* [Exercise prompt]:
Output exactly the lines spanning from the line containing "Mountain Hardwear Shirt" to the last line of the entries, inclusive.

Crawled caption data:
- - -

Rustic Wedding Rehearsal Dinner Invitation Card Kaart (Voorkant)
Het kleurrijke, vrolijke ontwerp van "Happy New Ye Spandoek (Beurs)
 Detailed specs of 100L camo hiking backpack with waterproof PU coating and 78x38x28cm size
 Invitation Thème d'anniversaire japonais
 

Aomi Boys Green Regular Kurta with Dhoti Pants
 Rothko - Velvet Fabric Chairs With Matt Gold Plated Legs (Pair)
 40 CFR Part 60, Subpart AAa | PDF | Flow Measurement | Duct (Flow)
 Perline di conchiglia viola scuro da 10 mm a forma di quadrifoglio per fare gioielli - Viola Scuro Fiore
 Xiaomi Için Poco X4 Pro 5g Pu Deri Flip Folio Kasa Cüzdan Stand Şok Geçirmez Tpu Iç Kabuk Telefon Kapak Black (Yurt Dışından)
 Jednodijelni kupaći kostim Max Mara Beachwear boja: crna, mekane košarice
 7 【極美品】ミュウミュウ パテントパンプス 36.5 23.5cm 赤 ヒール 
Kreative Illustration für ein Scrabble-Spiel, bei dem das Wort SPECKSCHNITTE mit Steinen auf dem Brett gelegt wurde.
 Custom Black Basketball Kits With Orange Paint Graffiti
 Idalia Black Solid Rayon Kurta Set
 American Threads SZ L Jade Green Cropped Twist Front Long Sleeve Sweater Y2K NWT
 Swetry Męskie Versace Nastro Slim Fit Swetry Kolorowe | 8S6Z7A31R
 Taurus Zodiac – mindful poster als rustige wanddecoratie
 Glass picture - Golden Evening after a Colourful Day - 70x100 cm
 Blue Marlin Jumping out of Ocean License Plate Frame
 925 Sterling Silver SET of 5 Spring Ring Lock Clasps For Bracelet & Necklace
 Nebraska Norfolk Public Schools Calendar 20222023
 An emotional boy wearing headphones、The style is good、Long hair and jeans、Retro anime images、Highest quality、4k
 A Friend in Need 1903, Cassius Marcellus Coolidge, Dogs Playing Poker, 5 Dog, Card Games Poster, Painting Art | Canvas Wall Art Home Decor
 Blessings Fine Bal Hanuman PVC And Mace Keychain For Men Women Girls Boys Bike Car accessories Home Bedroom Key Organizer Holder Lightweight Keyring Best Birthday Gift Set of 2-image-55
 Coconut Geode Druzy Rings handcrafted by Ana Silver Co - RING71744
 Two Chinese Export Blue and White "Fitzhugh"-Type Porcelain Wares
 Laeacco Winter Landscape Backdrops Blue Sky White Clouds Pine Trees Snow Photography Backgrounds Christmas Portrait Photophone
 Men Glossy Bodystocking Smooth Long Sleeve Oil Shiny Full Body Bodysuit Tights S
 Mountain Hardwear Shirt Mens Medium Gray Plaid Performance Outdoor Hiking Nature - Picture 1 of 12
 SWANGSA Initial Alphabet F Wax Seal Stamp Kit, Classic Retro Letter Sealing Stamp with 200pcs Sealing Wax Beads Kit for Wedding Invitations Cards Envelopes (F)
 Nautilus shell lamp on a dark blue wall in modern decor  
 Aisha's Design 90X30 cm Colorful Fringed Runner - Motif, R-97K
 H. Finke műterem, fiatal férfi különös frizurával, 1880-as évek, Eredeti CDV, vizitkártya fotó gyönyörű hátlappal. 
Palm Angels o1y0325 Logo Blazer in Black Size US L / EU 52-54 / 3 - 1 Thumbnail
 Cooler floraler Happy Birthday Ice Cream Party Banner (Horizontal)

- - -

* [Answer]:
 Mountain Hardwear Shirt Mens Medium Gray Plaid Performance Outdoor Hiking Nature - Picture 1 of 12
 SWANGSA Initial Alphabet F Wax Seal Stamp Kit, Classic Retro Letter Sealing Stamp with 200pcs Sealing Wax Beads Kit for Wedding Invitations Cards Envelopes (F)
 Nautilus shell lamp on a dark blue wall in modern decor  
 Aisha's Design 90X30 cm Colorful Fringed Runner - Motif, R-97K
 H. Finke műterem, fiatal férfi különös frizurával, 1880-as évek, Eredeti CDV, vizitkártya fotó gyönyörű hátlappal. 
Palm Angels o1y0325 Logo Blazer in Black Size US L / EU 52-54 / 3 - 1 Thumbnail
 Cooler floraler Happy Birthday Ice Cream Party Banner (Horizontal)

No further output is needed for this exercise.